For anyone who has begun to find the health care battle in Congress tiresome, another interesting legislative push is beginning to heat up: financial regulation. Since late October I have been commenting on the two proposals out of the House and Senate. Today, the New York Times has a really fascinating article about what's going on behind the scenes, particularly in the Senate Banking Committee. While revealing, I don't know that I find the underlying theme too surprising.
The Times article explains that Senator Christopher Dodd's (D-CT) bill is having a great deal of trouble. The initial draft had zero Republican support and even some Democrats on the Senate Banking Committee against it. It may have faced a quick, sudden death -- even before being seriously considered. As a result, Dodd decided he needed to take swift action try to save the bill, so he broke it up into sections and assigned those sections to various bipartisan committee members groups to revise and compromise.

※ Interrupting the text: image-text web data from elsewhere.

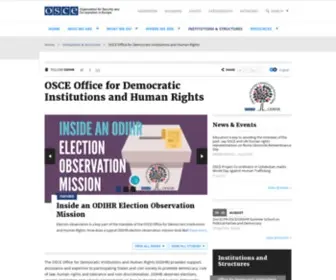 Odihr.pl(The OSCE Office for Democratic Institutions and Human Rights (ODIHR)) Screenshot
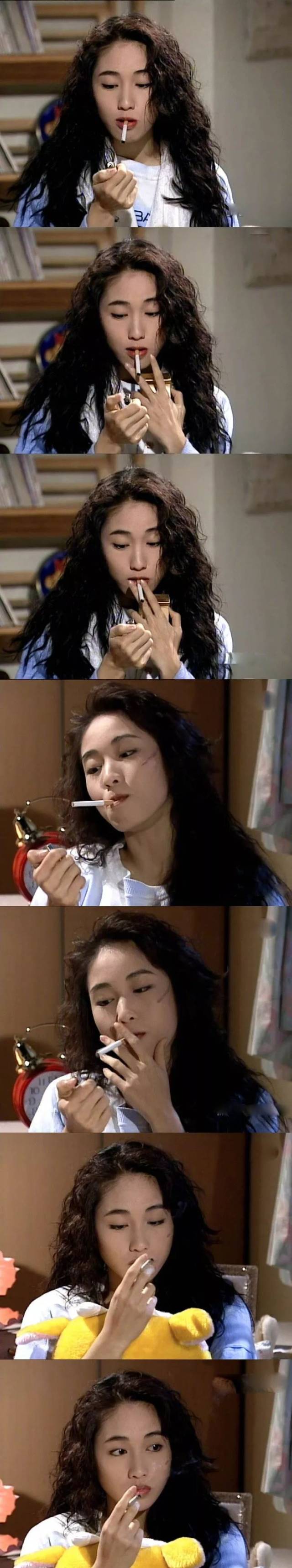93年港剧《天伦》中的甜美可人的黎姿～～梨涡太美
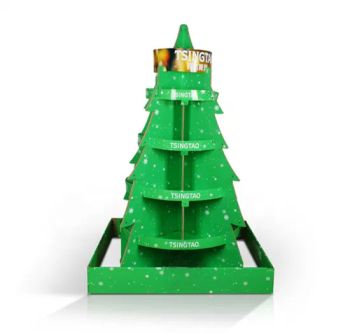 Cardboard Decorative Christmas Tree Stand, Christmas Decoration - Kunshan Deco POP Display Co., Ltd. - China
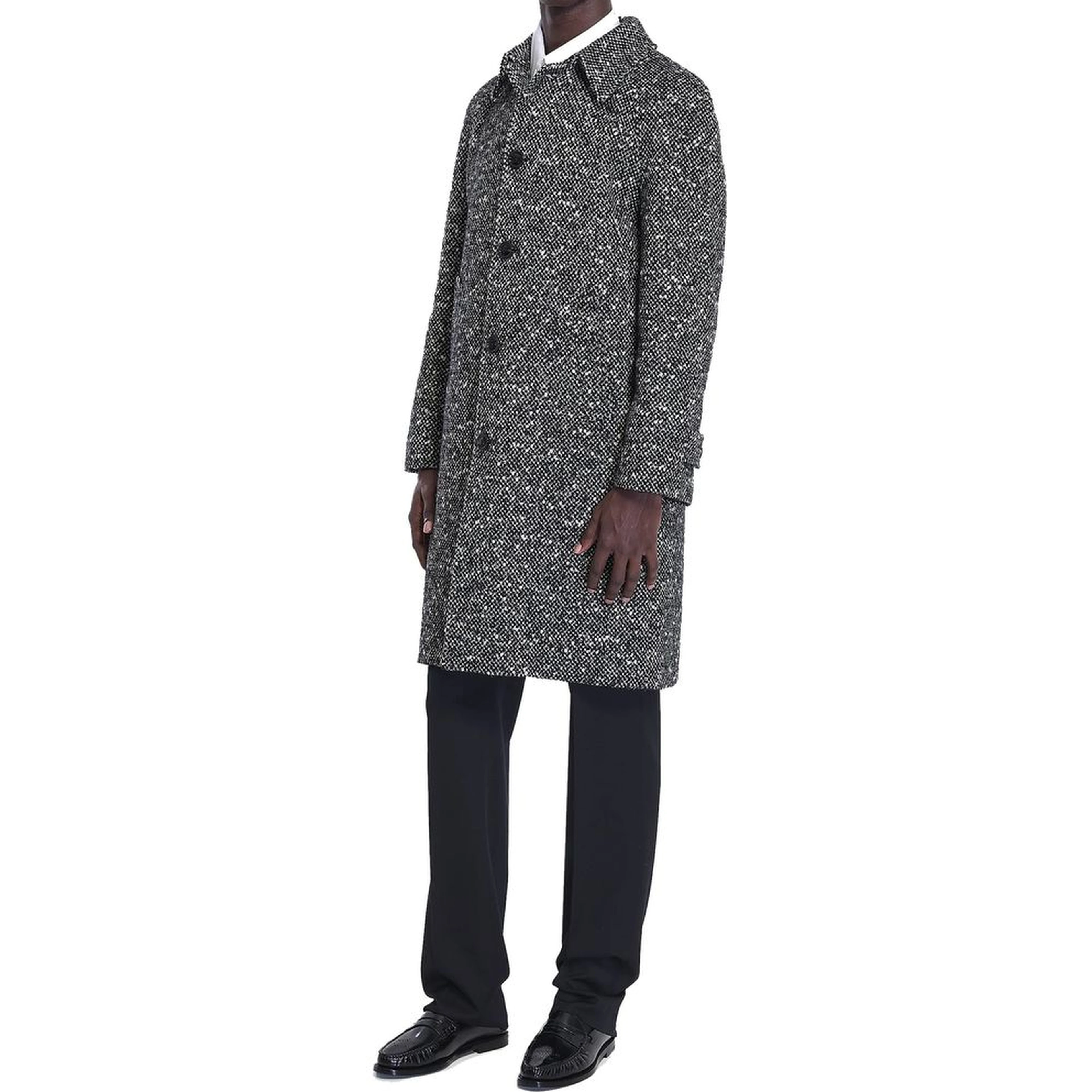 Gray Mohair Coat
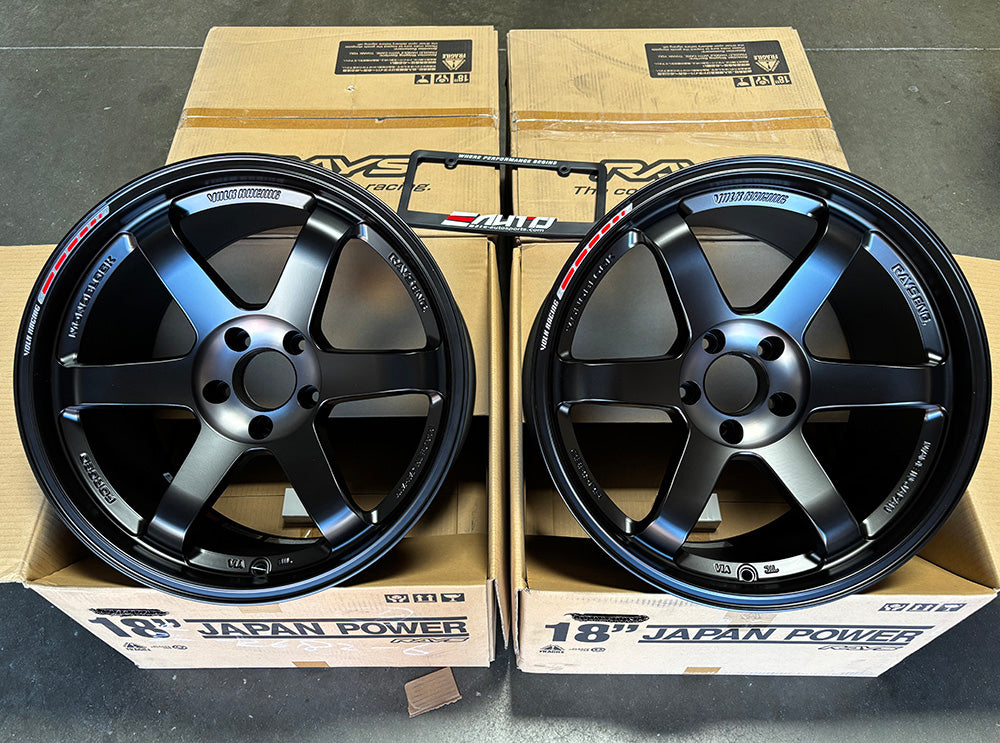 Rays TE37SL Black Edition III 18x11 +17 5x114 Pressed Black Wheel Rim, Set 4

Meanwhile, Barney Frank's (D-MA) House bill is doing quite well. They've completed the markup process, adding a number of amendments that addressed some of the bill's weaknesses. Frank expects the House Financial Services Committee to vote on the bill as early as today, and broader House debate to begin this month. He even thinks the House could pass the legislation before the winter recess.
Really, this result is not shocking. First of all, as I asserted after reviewing both proposals, Dodd's bill is far more ambitious. Some of the regulatory measures he suggests go further than Frank's version. Dodd also crams more into his bill than Frank.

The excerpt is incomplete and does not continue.